CVAの会計

デリバティブ取引は、公正価値会計が原則とされ、米国ではASC820等において、会計上の報告の要件が定められている。この価値評価に際しては、カウンターパーティー及び自社の信用リスクを反映させることが求められる。自社のリスクであるDVAの計上も求められるため、金融危機時には自社の信用力悪化によって大手米銀が利益を上げたことが話題となった。

欧州では2013年にIFRS13によって米国同様の公正価値評価が原則となり、米国同様CVAとDVAの双方の計上が求められるようになった。

日本においては、本年2021年4月以降の連結会計年度期首から「時価の算定に関する会計基準」が適用になった。IFRS13同様、カウンターパーティーリスクをデリバティブ時価に含める旨の記述がある。本文書の中ではどこにもCVA、DVAといった言葉が使われていないのでわかりにくいのだが、決められた要件のすべてを満たす場合には、「特定の取引相手先の信用リスクに関して金融資産および金融負債を相殺した後の正味の資産又は負債を基礎として、当該金融資産及び金融負債のグループを単位とした時価を算定することができる」と書かれている。

なぜか日本語にすると逆に難しくなってしまうのだが、要はISDAマスターの下で行われる取引について、ポートフォリオベースでCVA計算をうことができるという意味である。

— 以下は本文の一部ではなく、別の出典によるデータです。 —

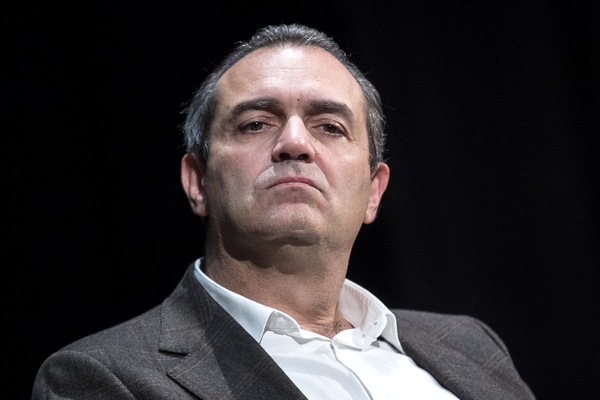 De Magistris: "Indietro rispetto alle aspettative, a Napoli serve una grande squadra"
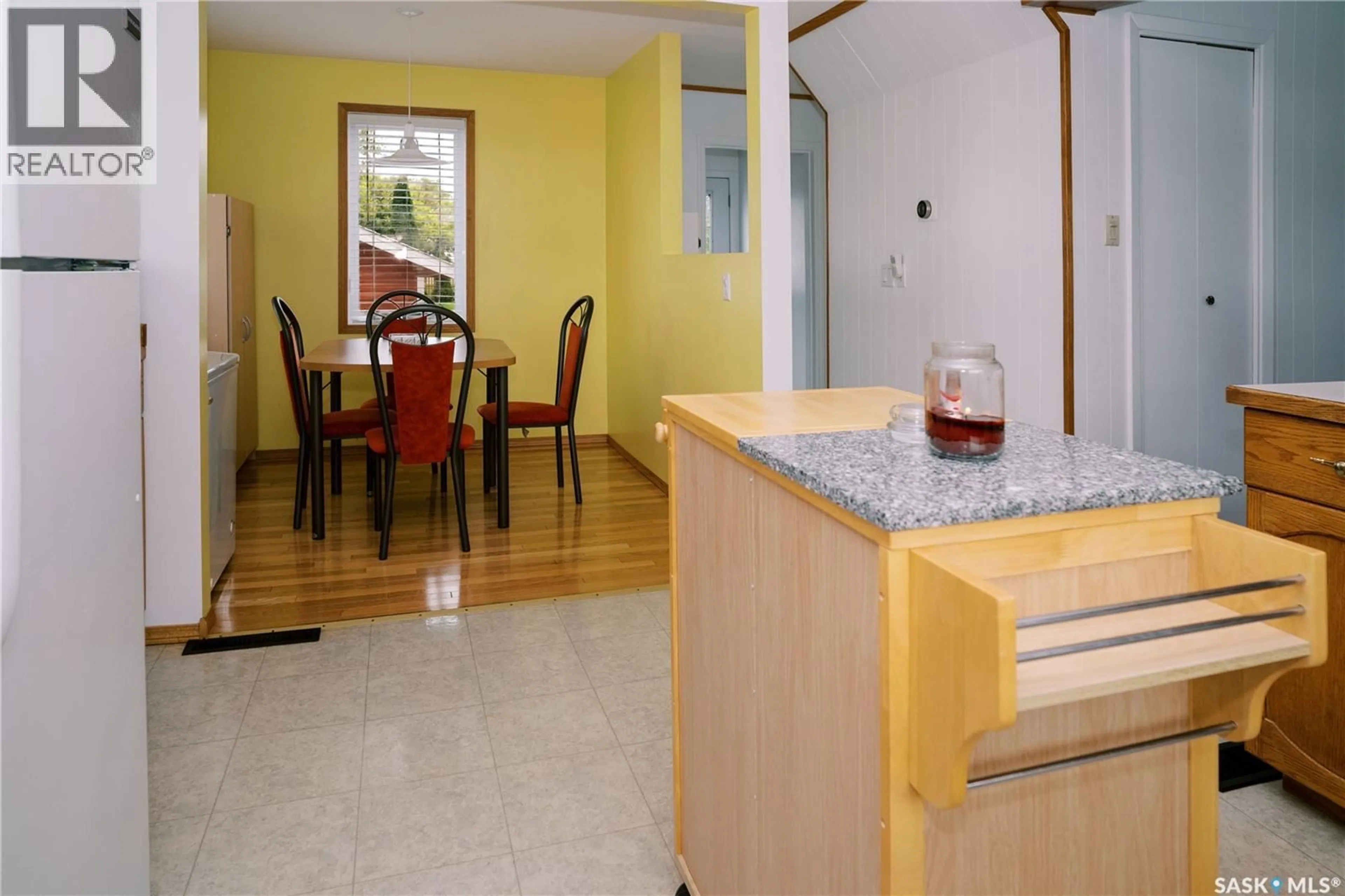 Standard kitchen, unknown for 409 5TH AVENUE, Rosthern Saskatchewan S0K3R0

IFRS13号の定めを基本的にすべて取り入れることとしたと書かれているので、IFRS13を理解した方が早いかもしれない。その意味ではCVAのみならずDVAも考慮できるということになる。

もともとデリバティブ取引の時価評価に関しては、金融商品会計に関する実務指針が存在しており、割引現在価値によるスワップの時価評価に関して、割引に用いる利子率をリスク要因で補正するとされていた。293項の時価評価の留意事項には、自らの信用リスクを加味した時価算定を行うことが原則として必要であると書かれている。そして、相手先の信用リスクは、評価益の回収可能性に係るリスクであるため、時価の算定に加味することが望ましいとされていた。

その意味では、CVA、DVAはかなり前から会計上加味するべきということだったのだが、今回それがグループ単位の時価計算という表現によって、CVAの実務慣行と一致したということになる。税金上の損金算入も認められるため、今年の会計年度から何らかの変更がみられるようになるのか注目が集まる。